Poco después, el niño había terminado de mamar, ya lo habían lavado y lo habían envuelto en una sabanita. Johanna estaba sentada en la cama, con un cojín en la espalda, y miraba a su hijo con adoración. Luego se dirigió a Mellberg y le dijo con voz queda:

– Gracias. Sola no lo habría conseguido.

Mellberg sólo fue capaz de asentir. Tenía algo en la garganta que le impedía hablar y no paraba de tragar saliva para que desapareciese el nudo.

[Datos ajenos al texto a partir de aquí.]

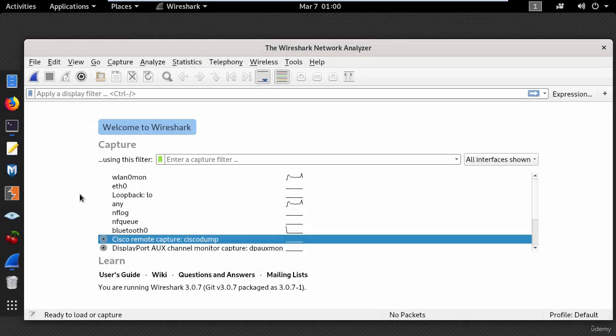Hi and welcome back! In this lesson you will learn how to detect Wi-Fi attacks using Wireshark.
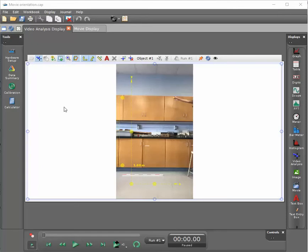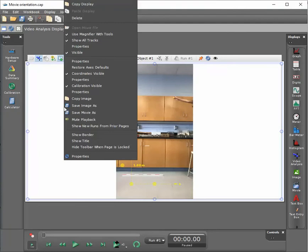If you then right-click the mouse, you can choose to save the movie as, to export the file so that you can view the movie outside of Capstone.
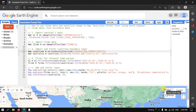Hi, hello everyone, welcome to the channel. Today I will show you how to use the FIRMS data and satellite imagery to map the Australian forest fire using Earth Engine. Let's get started.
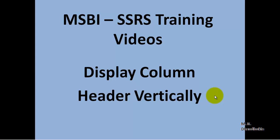Hello friends, in this video tutorial let us see how to display column headers vertically in order to save some space on the report.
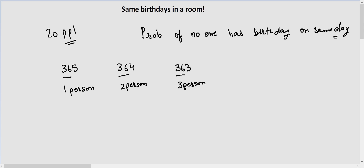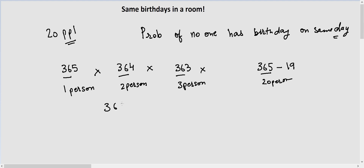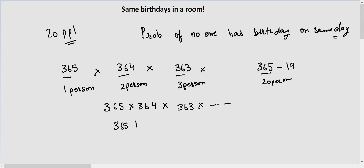For the third person we have 363 options left. If we continue the same way, when we reach the 20th person we will be left with 365 minus 19 options. Now all we have to do is multiply all these terms: 365 × 364 × 363 × ... and so on. This can also be written as 365 factorial divided by 365 minus 20 factorial.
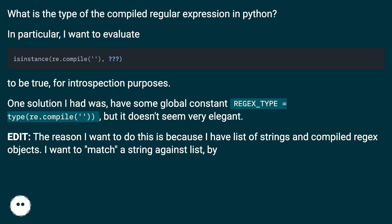Edit: The reason I want to do this is because I have a list of strings and compiled regex objects. I want to match a string against the list by...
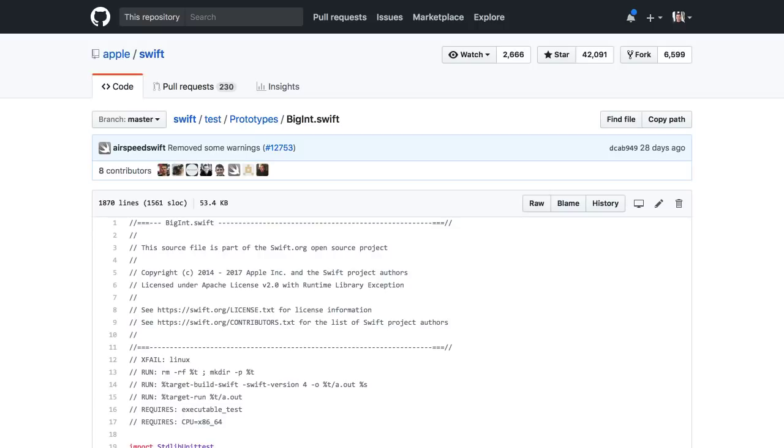Hi, Károj Nistor here. In this tutorial, I'm going to show you a nice trick that lets us work with really big numbers in Swift.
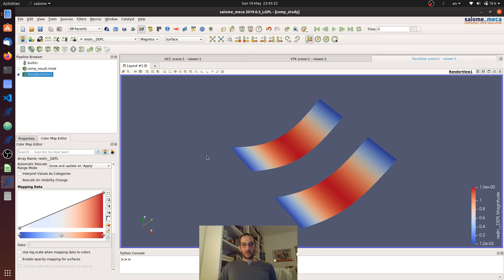So with this we saw how we can define a composite shell element, how we can run an analysis with it, and how we can extract the information we need. I hope this was a useful tutorial. It was a little bit long but I couldn't make it much shorter. I hope you liked it — thank you very much.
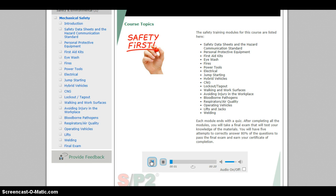The safety training modules for this course are listed here. Each module ends with a quiz. After completing all the modules, you will take a final exam that will test your knowledge of the materials. You will have five attempts to correctly answer 80% of the questions to pass the final exam and earn your certificate of completion.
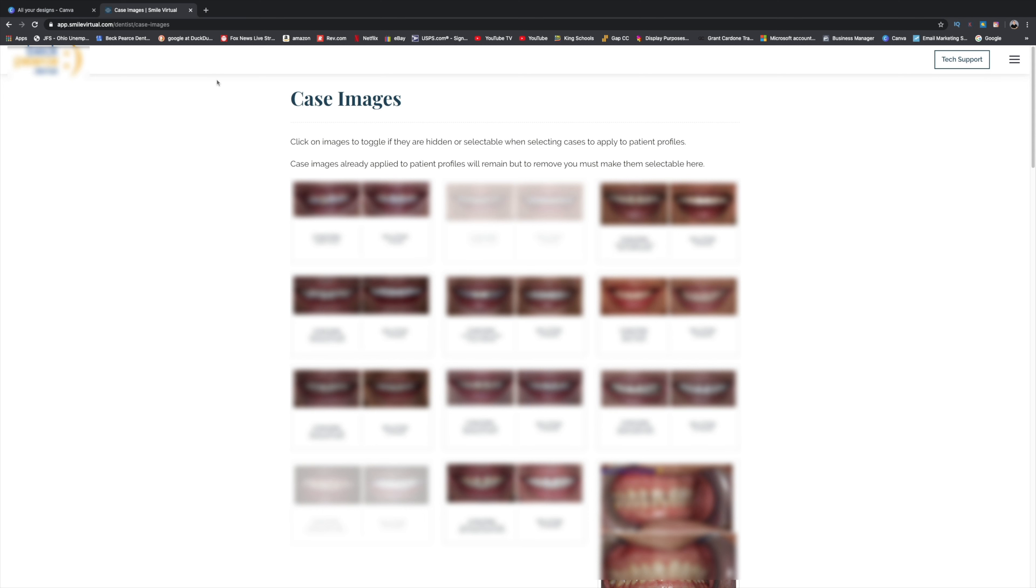Now, I'm not going to go too deep into it, but the biggest reason why you want to use Smile Virtual is because, like I said, you can do it on your own time. It can be recorded and sent to the patient and they can review it whenever they want.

– ¿Quieres cogerlo? -preguntó Johanna.

Mellberg no podía más que asentir. Algo nervioso, extendió los brazos mientras Johanna colocaba al niño en su regazo, procurando que la cabeza estuviese bien apoyada. Era una sensación extraña la de tener en brazos aquel cuerpecillo cálido y nuevo. Contempló la carita y sintió que aquel nudo raro le seguía creciendo en la garganta. Y cuando miró al pequeño a los ojos lo supo enseguida: a partir de aquel instante, quedaba preso de un enamoramiento irremediable y profundo.

25

Fjällbacka, 1945

Hans iba sonriendo para sus adentros. Quizá no debiera, pero no podía evitarlo. Claro que sería difícil al principio. Muchos les soltarían reprimendas y darían su opinión, y hablarían de pecado ante Dios y cosas por el estilo. Pero cuando hubiese pasado lo peor, podrían empezar a labrarse una nueva vida juntos, él, Elsy y el niño. ¿Cómo podría sentir otra cosa que pura alegría ante semejante perspectiva?